The adjacent and ______ of right triangle depends on the angle x being referred to in that triangle and for the complementary angle (90 − 𝑥)° & of that triangle, the adjacent and opposite are ___________.

(a) opposite side, reversed

(b) opposite side, same

(c) hypotenuse, reversed

(d) hypotenuse, same

**Answer.** (a) opposite side, reversed

**Question.2.** Considering the diagram below. Which of the following statements is true?

(a) Side AC is adjacent to \angle y in triangle ADC and triangle ABC

(b) Side AC is adjacent to \angle y in triangle ADC and side BC is adjacent to \angle y in triangle ABC

(c) Side DC is adjacent to \angle y in triangle ADC and side AC is adjacent to \angle y in triangle ABC

(d) Side AC is adjacent to \angle y in triangle ADC and side DC is adjacent to \angle y in triangle ABC

**Answer.** (c) Side DC is adjacent to \angle y in triangle ADC and side AC is adjacent to \angle y in triangle ABC

Hint:Define and distinguish various trigonometric ratios in order to describe and verify sine, cosine, tangent, cosecant, secant, cotangent of an angle.

**Question.3.** Consider the triangle shown below. What are the values of tan θ, cosec θ and sec θ?

(a) tan θ = \frac{8}{15}, cosec θ = \frac{17}{15}, sec θ = \frac{17}{8}

(b) tan θ = \frac{8}{15}, cosec θ = \frac{17}{8}, sec θ = \frac{17}{15}

(c) tan θ = \frac{17}{15}, cosec θ = \frac{8}{15}, sec θ = \frac{17}{8}

(d) tan θ = \frac{8}{15}, cosec θ = \frac{17}{15}, sec θ = \frac{8}{17}

**Answer.** (b) tan θ = \frac{8}{15}, cosec θ = \frac{17}{8}, sec θ = \frac{17}{15}

**Question.4.** Observe the figure shown. Which of these is the value of cos θ?

(a) \frac{1}{2}

(b) \frac{2}{1}

(c) \frac{2 \sqrt{3}}{3}

(d) \frac{3 \sqrt{3}}{2}

**Answer.** (a) \frac{1}{2}

Hint:Use given trigonometric ratio(s) in order to find and verify other trigonometric ratios/angles of the triangle.

**Question.5.** If sin θ = \frac{7}{\sqrt{85}}, what are the values of tan θ, cos θ and cosec θ?

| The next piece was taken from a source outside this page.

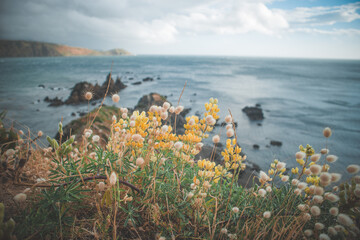 tropical island in the ocean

(a) tan θ = \frac{7}{6}, cos θ =\frac{6}{\sqrt{85}} and cosec θ = \frac{\sqrt{85}}{7}

(b) tan θ = \frac{6}{7}, cos θ =\frac{7}{\sqrt{85}} and cosec θ = \frac{\sqrt{85}}{7}

(c) tan θ = \frac{7}{6}, cos θ =\frac{7}{\sqrt{85}} and cosec θ = \frac{\sqrt{85}}{7}

(d) tan θ = \frac{6}{7}, cos θ =\frac{6}{\sqrt{85}} and cosec θ = \frac{\sqrt{85}}{6}

**Answer.** (a) tan θ = \frac{7}{6}, cos θ =\frac{6}{\sqrt{85}} and cosec θ = \frac{\sqrt{85}}{7}

**Question.6.** The two legs AB and BC of right triangle ABC are in a ratio 1:3. What will be the value of sin C?

(a) \frac{1}{\sqrt{10}}

(b) \frac{3}{\sqrt{10}}

(c) \frac{1}{3}

(d) \frac{1}{2}

**Answer.** (a) \frac{1}{\sqrt{10}}

Hint:Compute the trigonometric ratio of 0°, 30°, 45°, 60°, 90° in order to know and apply the value of specific angles.

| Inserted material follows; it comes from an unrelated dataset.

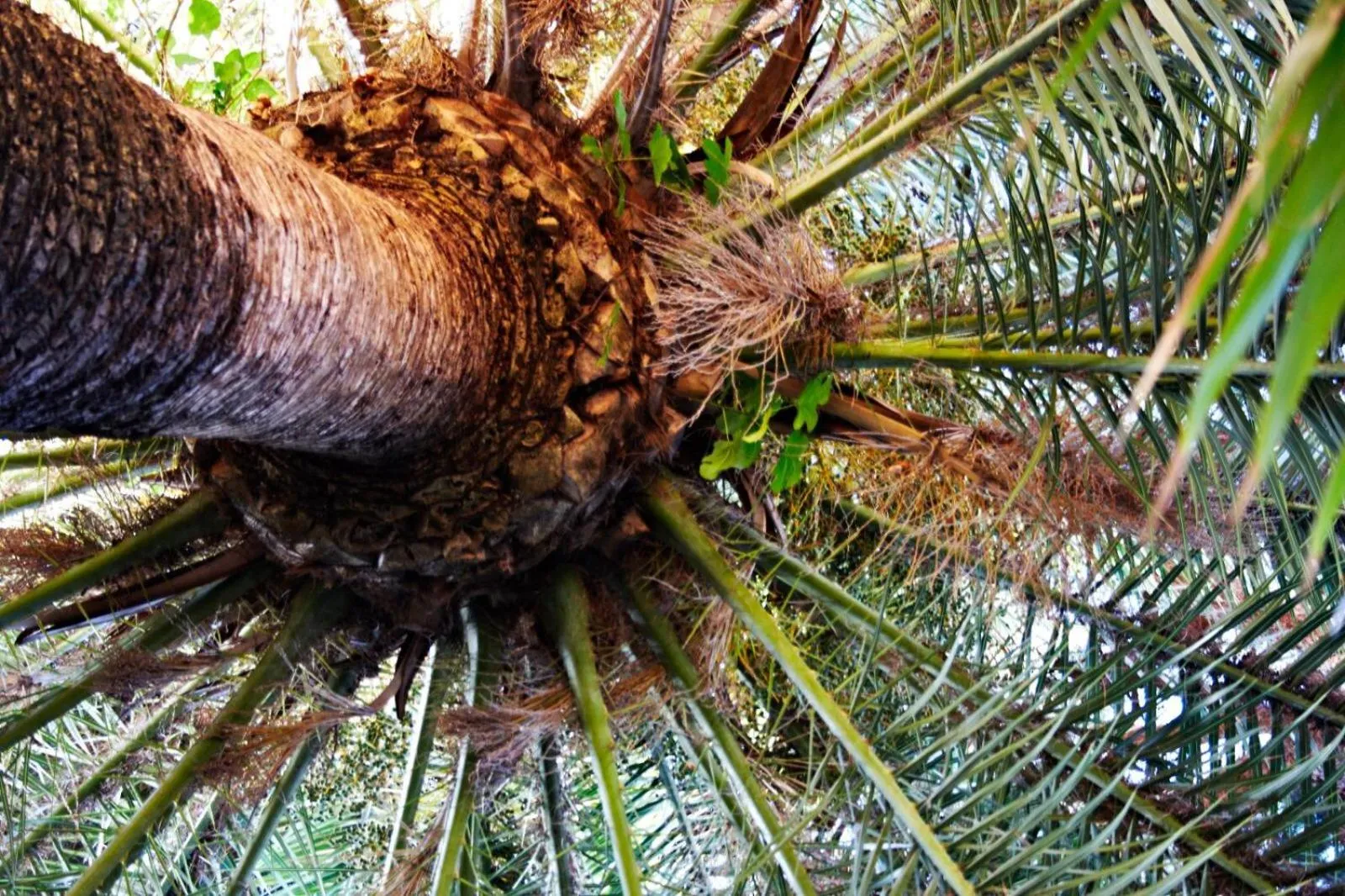 Garden in Il Tempio di Morfeo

**Question.7.** What is the value of \frac{3-sin^{2}60°}{tan 30° tan 60°}?

(a) 1 \frac{1}{4}

(b) 2 \frac{1}{4}

(c) 2 \frac{1}{2}

(d) 2 \frac{3}{4}

**Answer.** (b) 2 \frac{1}{4}

**Question.8.** The value of \frac{4-sin^{2}45°}{cot k tan 60°} is 3.5.

What is the value of k?

(a) 30°

(b) 60°

(c) 45°

(d) 90°

**Answer.** (b) 60°

Hint:Compute the trigonometric ratio of complimentary angles in order to apply the values in mathematical problems.

**Question.9.** What is the value of \frac{5 csc 55°}{sec 35°}?

(a) \frac{5}{2}

(b) \frac{15}{2}

(c) 5

(d) 15

**Answer.** (b) \frac{15}{2}

**Question.10.** If sec 2x = \frac{1}{sin (x-36)°}, where 2x is an acute angle, what is the value of x?

(a) 36

(b) 42

(c) 48

(d) 52

**Answer.** (b) 42

Hint:Compute and apply trigonometric identities in order to simplify and solve mathematical problems.

**Question.11.** Which of these is equivalent to \frac{2 tan x (sec^{2}x-1)}{cos^{3}x}?

(a) 2 tan^{3}x csc x

(b) 2 tan^{3}x sec^{3} x

(c) 2 tan^{3}x csc^{3} x

(d) 2 cot^{3}x sec^{3} x

**Answer.** (b) 2 tan^{3}x sec^{3} x

**Question.12.** Which of the following option makes the statement below true?

\frac{\frac{1}{sec x}+sec x}{cos^{2}x-1-tan^{2}x} = ?

(a) −cosec x cot x

(b) − sec x cot x

(c) −cosec x tan x

(d) − sec x tan x

**Answer.** (a) −cosec x cot x